The resorption of bone leads to release of calcium in serum which is filtered into urine and excreted [4]. Likewise the present study also shows an increased level of salivary calcium and alkaline phosphatase in saliva of osteoporotic and osteopenic edentulous subjects which is an ultrafiltrate of plasma. Hence, salivary parameters should be used as predictors for these diseases and further investigation should be done to support any definite conclusions [4].
Many studies have been performed to assess bone turnover markers for the prediction of bone loss and to evaluate the correlation of markers with bone mineral density [4,9,10]. The common markers for osteoporosis and osteopetrosis include calcium, phosphorus, type I collagen related peptides, osteocalcin and alkaline phosphatase which are assessed in the blood. Biochemical markers of bone turnover are said to be related to the current bone mass and help in predicting future bone loss.
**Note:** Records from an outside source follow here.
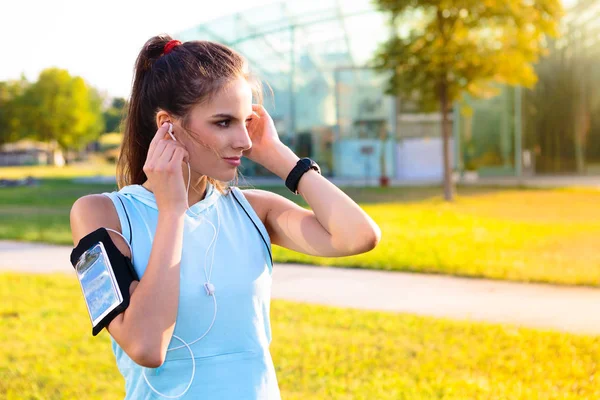 スポーティな女性がイヤホンで音楽を聴く — ストック写真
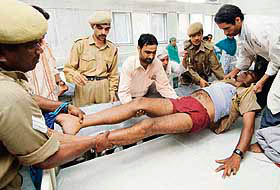 An injured CRPF head constable is carried on to a bed by colleagues and medical staff at the main hospital in Srinagar on Saturday.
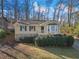 Charming home featuring stone accents, manicured greenery, and a cozy front porch at 1184 Broward Ne Dr, Marietta, GA 30066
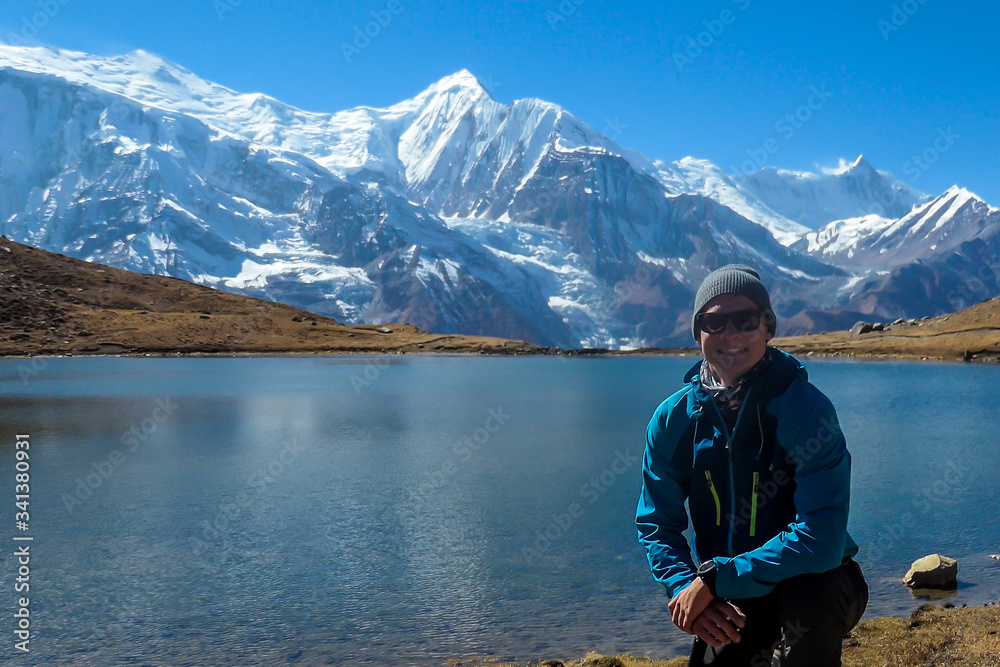 A man in hiking outfit squatting at the shore of Ice Lake, Annapurna Circuit Trek, Himalayas, Nepal. He is enjoying the idyllic landscape. High, snow caped Annapurna chain in the back. Achievement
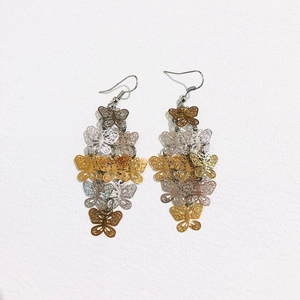 Detailed view of elegant layered butterfly drop earrings with intricate hollow metal design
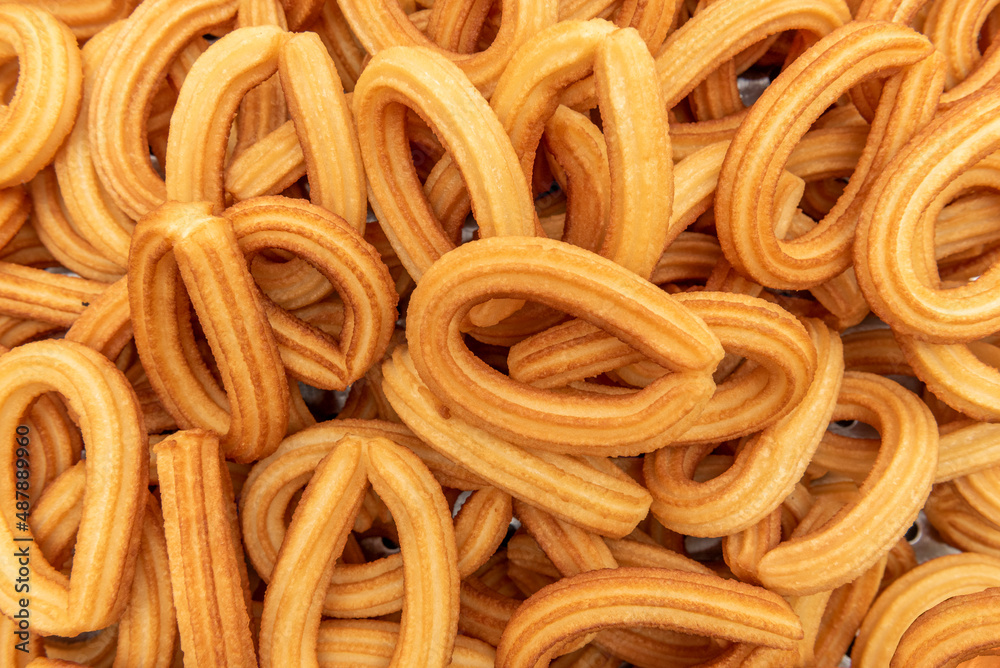 Spanish bulk breakfast churros in closeup Spanish bulk breakfast churros in closeup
Calcium and phosphorus which quantitatively account as the main mineral component of the human skeletal system are present as inorganic components in the saliva [10]. Several previous studies however have reported that there is no significant difference in salivary phosphorus levels between osteoporotic and non-osteoporotic individuals [10]. Hence, in the present study salivary calcium and alkaline phosphatase levels alone were compared between normal, osteopenic and osteoporotic individuals in order to determine a significant correlation if present.
The results of the present study revealed that there was a significant increase in the salivary calcium and alkaline phosphatase levels in the osteoporotic and osteopenic individuals when compared to healthy controls. This is in accordance with the previous studies. Reddy et al., reported that the normal/standard value mentioned as per literature was 5.2 mg/dl (1.35 mMol/L) for salivary calcium. According to their study there was a significant increase in calcium levels of the osteoporotic and osteopenic patients when compared to the healthy controls [4].
A study was conducted by Sewon L et al., to analyse the effect of smoking on salivary calcium and bone density. It was concluded from the study that high salivary calcium concentration in smokers is in connection with skeletal calcium disturbances. Decrease of skeletal bone density may increase the amount of calcium in saliva [11].
Ross PD et al., and Taguchi A et al., reported that the levels of serum total alkaline phosphatase and bone-specific alkaline phosphatase are increased in subjects with low BMD [10,12]. In the same way the present study also showed significantly higher levels of salivary alkaline phosphatase in osteoporotic subjects. However, since there are no standard mean values published in literature for salivary alkaline phosphatase, the values obtained in the osteoporotic subjects were compared to those of the control group.
Overall, our data suggest that salivary calcium and alkaline phosphatase may be at least as effective as pre-screening methods for targeting cases where DEXA testing in osteoporotic edentulous individuals could be useful.
Limitation
Estimation of the sample size was done on the basis of previous studies. No statistical formula was used to estimate the sample size. Thus, further studies can be planned by determining the sample size statistically.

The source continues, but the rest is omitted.